Article Update

Wednesday, January 6, 2021



The perineum and vulva are richly supplied with blood vessels, which become clinically significant during childbirth and surgical procedures. Blunt trauma to the area, such as straddle injuries in children, can result in significant bleeding or hematoma formation when vessels are ruptured and bleeding into the loose compartments of the perineum occurs.

The internal pudendal artery in the female is a far smaller vessel than it is in the male, though its course is generally the same in both sexes. When leaving the lesser pelvis through the lower part of the greater sciatic foramen, it enters the ischiorectal fossa through the lesser sciatic foramen. Here, accompanied by its venae comites and the pudendal nerve, it lies in a fibrous canal (Alcock canal) formed by the fascia covering the obturator internus muscle. The branches of the internal pudendal artery include small ones to the gluteal region, the inferior hemorrhoidal artery, the perineal artery, and the artery of the clitoris. The pudendal artery (and vein) is closely associated with the pudendal nerve as it passes the ischial spine near the insertion of the sacrospinous ligament (on the dorsal aspect of the coccygeal muscle), placing it at risk when sacrospinous colpopexy is performed. (A rare complication of this operation is massive hemorrhage from the inferior gluteal or pudendal arteries.)

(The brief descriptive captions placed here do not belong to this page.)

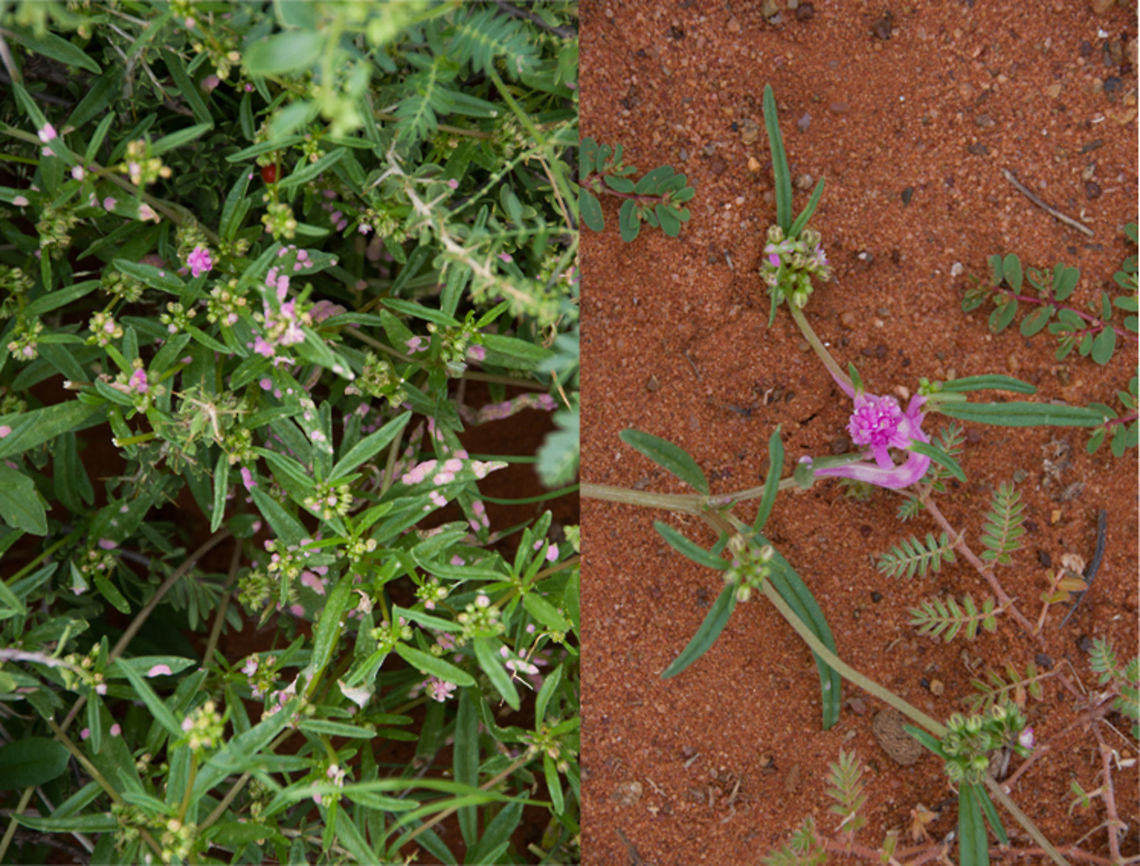 Pink Leaf / Flower (Growth) Wildflower - this is what the plant looks like  Geotagged,South Africa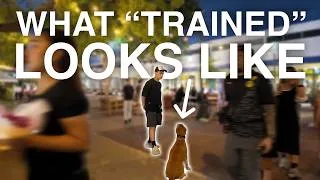 Thumbnail: What a FULLY TRAINED Dog Actually Looks Like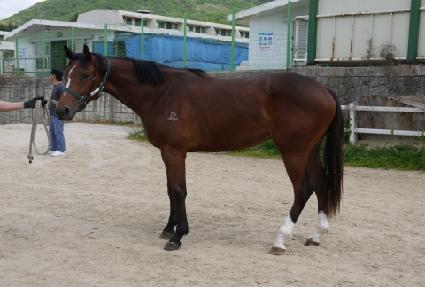 �۾ϵ�ǳ ����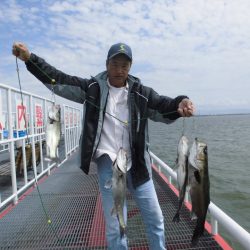 尼崎市立魚つり公園 釣果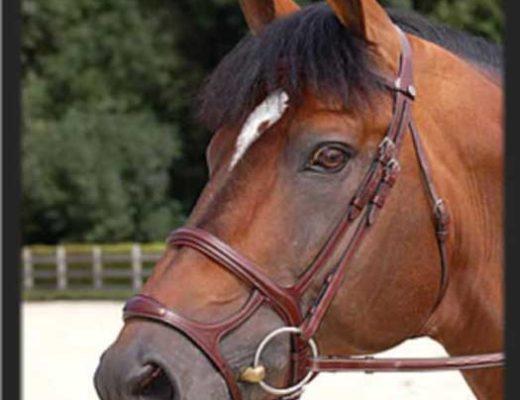 This noseband is more reminiscent of a dog's muzzle for the horse. Fully constricting any opening of the horse's mouth with more accuracy than any flash-style could.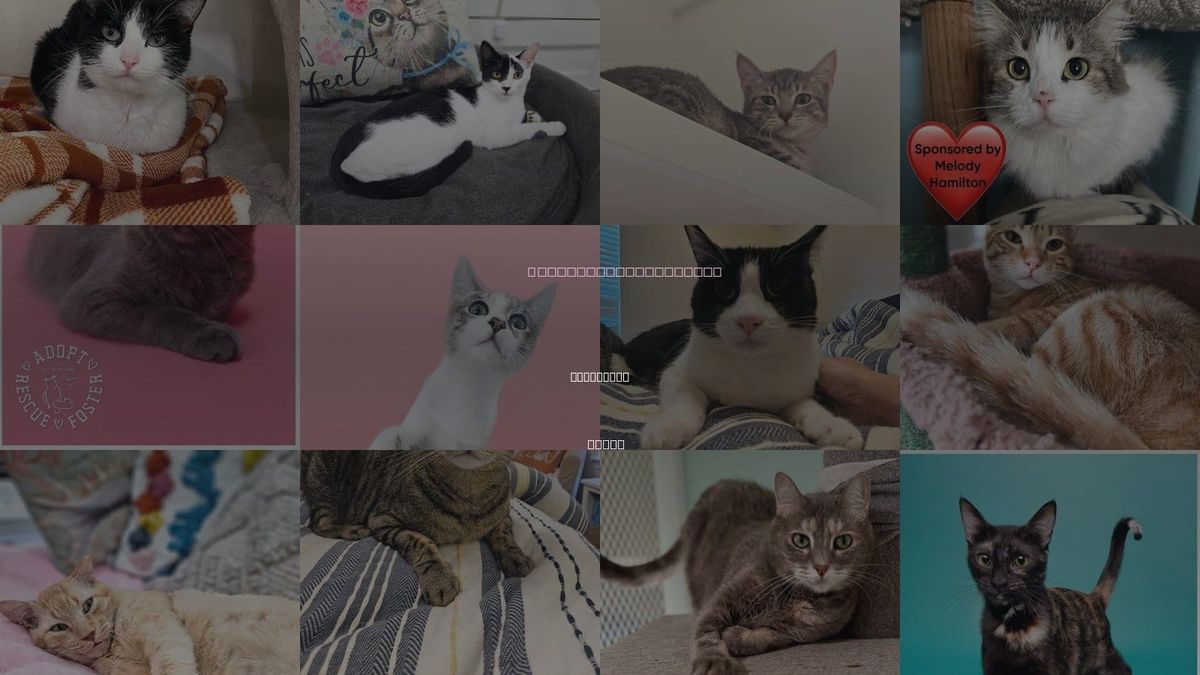 Cats for Adoption in Dickinson, Texas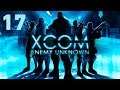XCOM - Ep 17 - Atrapando aliens vivos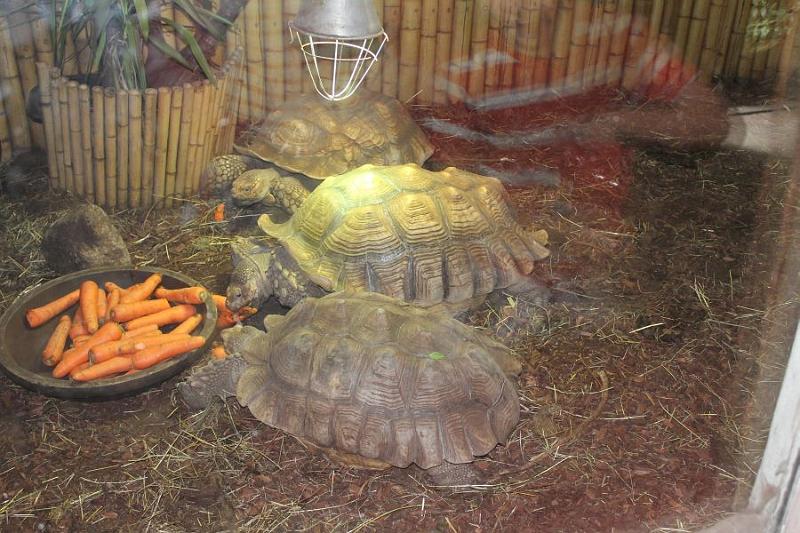 foto13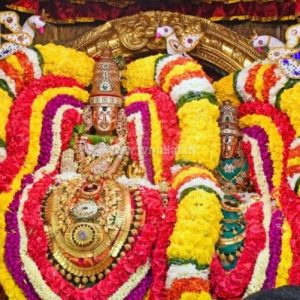 திருவண்ணாமலை அருள்மிகு அருணாசலேஸ்வரர் திருக்கோயில் சித்திரை வசந்த உற்சவம் ஏழாம் நாள்!
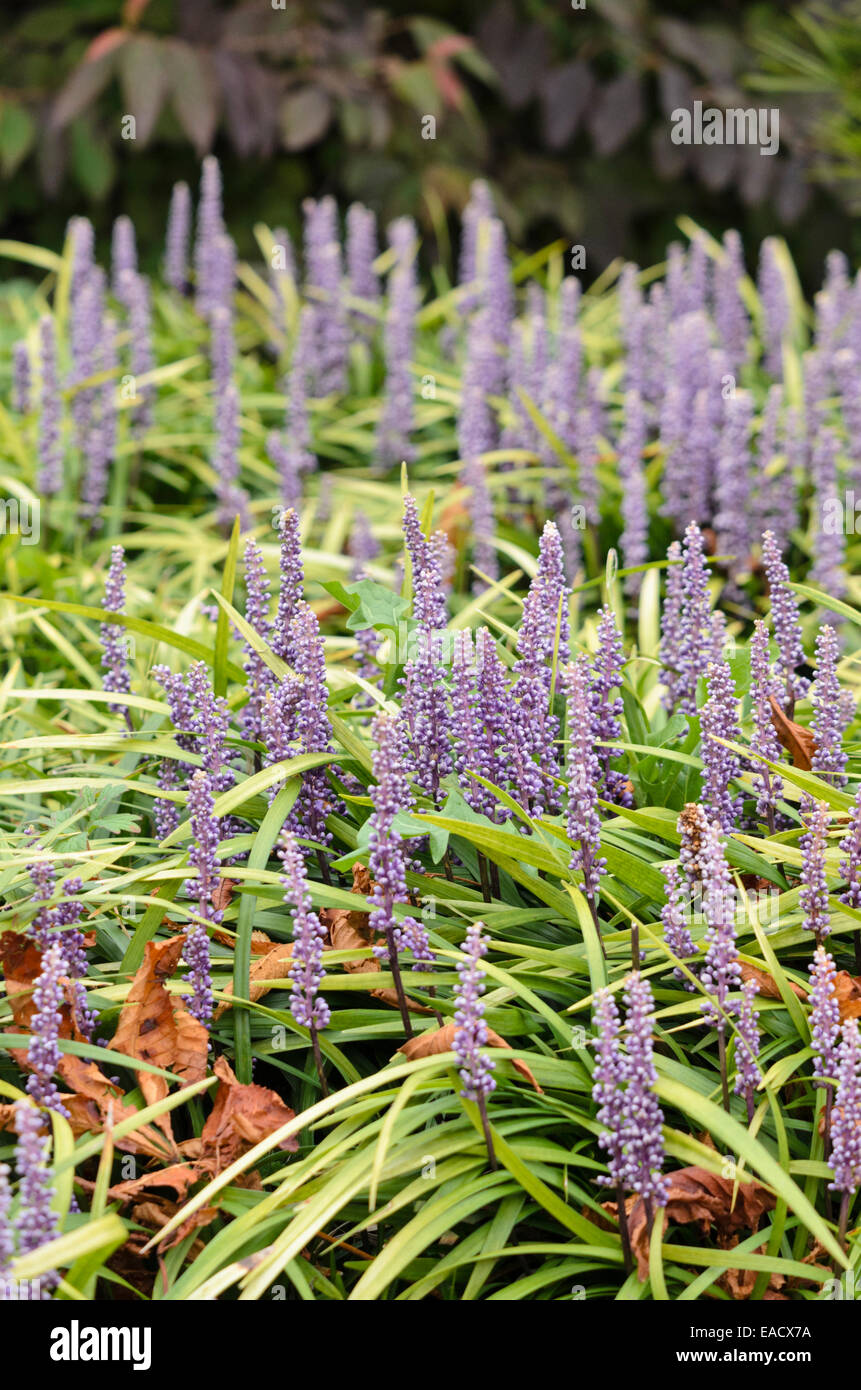 Big Blue lily turf (liriope muscari) Foto Stock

The inferior hemorrhoidal artery pierces the wall of Alcock canal and passes medially through the ischiorectal fat to supply the anal canal, anus, and perineal area. The perineal artery pierces the base of the urogenital diaphragm to enter the superficial perineal compartment, where it supplies the ischiocavernosus, bulbocavernosus, and transverse perineal muscles. A constant transverse perineal branch runs along the superficial transverse perineal muscle to the central point of the perineum. The terminal branches of the perineal artery, the posterior labial arteries, pierce the deep layer of the superficial perineal fascia (Colles fascia) to the labia.

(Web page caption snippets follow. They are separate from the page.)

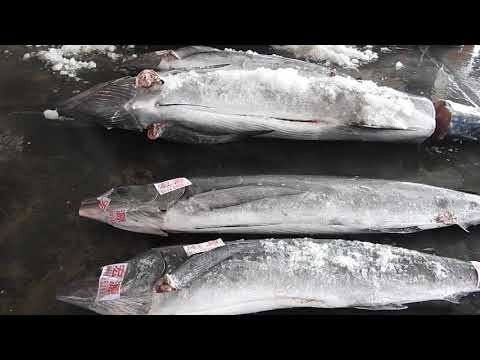 cutting Marlin fish cut swordfish Taiwan food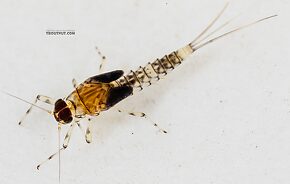 Male Baetis flavistriga (BWO) Mayfly Nymph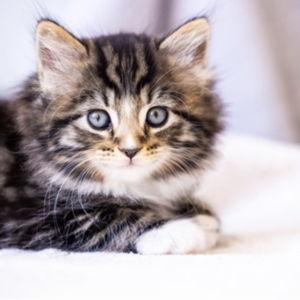 Cat Fund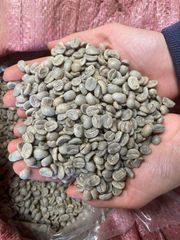 Premium Tanzanian Robusta Coffee Beans – Screen 14–18 | 100 MT Available - Image 3
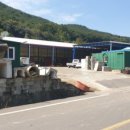 창녕동애등에 이미지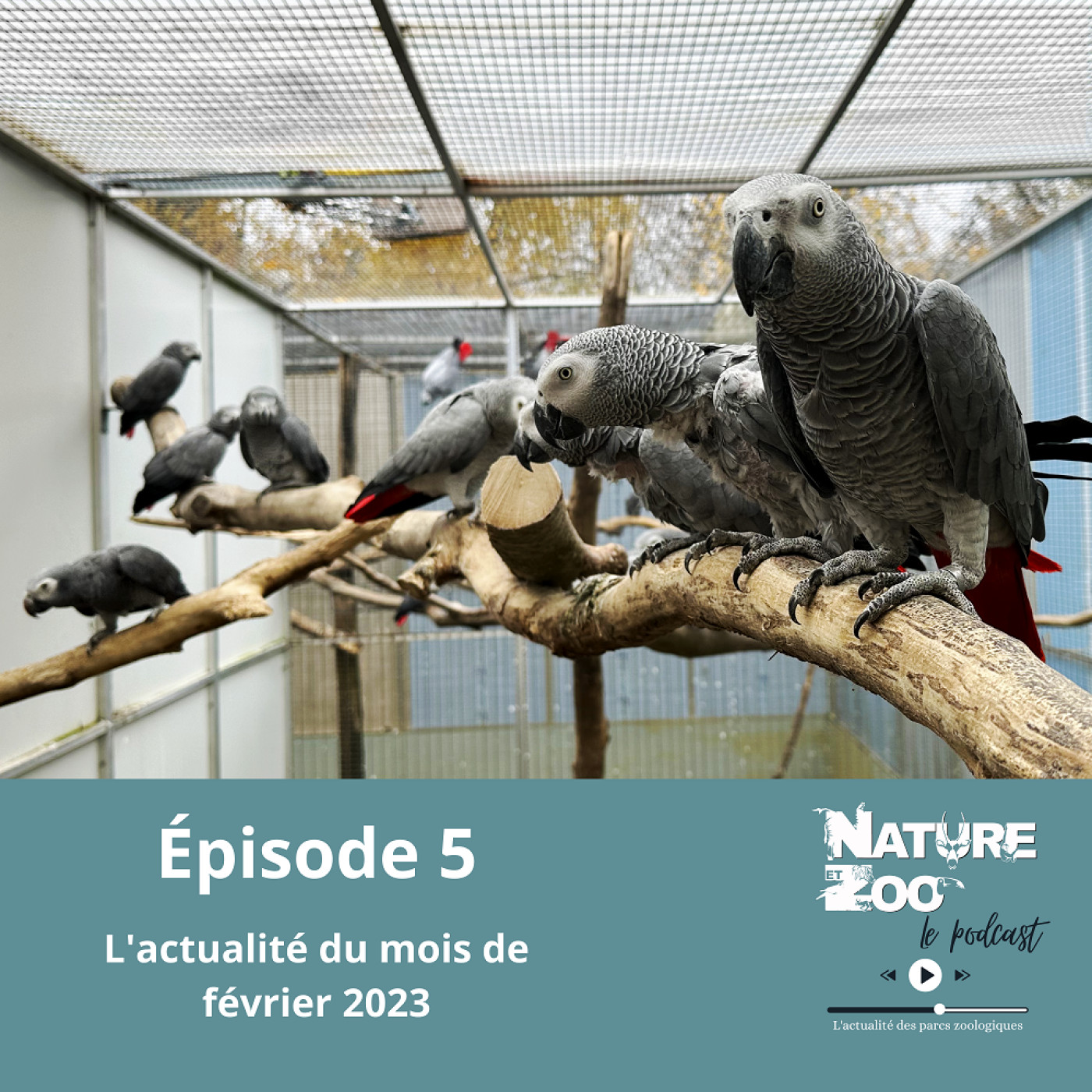 Nature et Zoo - Le Podcast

The artery of the clitoris enters the deep compartment of the urogenital diaphragm and runs along the inferior ramus of the pubis in the substance of the deep transverse perineal muscle and the sphincter of the membranous urethra, ending in four branches, which supply chiefly the erectile tissue of the superficial perineal compartment. The artery of the bulb passes through the inferior fascia of the urogenital diaphragm to supply the cavernous tissue of the vestibular bulb and the Bartholin gland. The urethral artery runs medial- ward toward the urethra and anastomoses with branches from the artery of the bulb. The deep artery of the clitoris pierces the fascial floor of the deep compartment just medial to the corpus cavernosum of the clitoris, which it enters. The dorsal artery of the clitoris leaves the deep perineal compartment just behind the transverse pelvic muscle and runs over the dorsum of the clitoris to the glans.

The blood supply of the vulva and perineum is richly connected to the vascular supply of the entire vaginal barrel, the cervix, and the uterus through a number of ascending and descending anastomoses. This vascular net surrounds the vaginal canal, with major trunks running in the lateral vaginal wall at the 3- and 9-o’clock locations. Trauma to these areas, as with a vaginal delivery, can result in significant blood loss that may be difficult to control.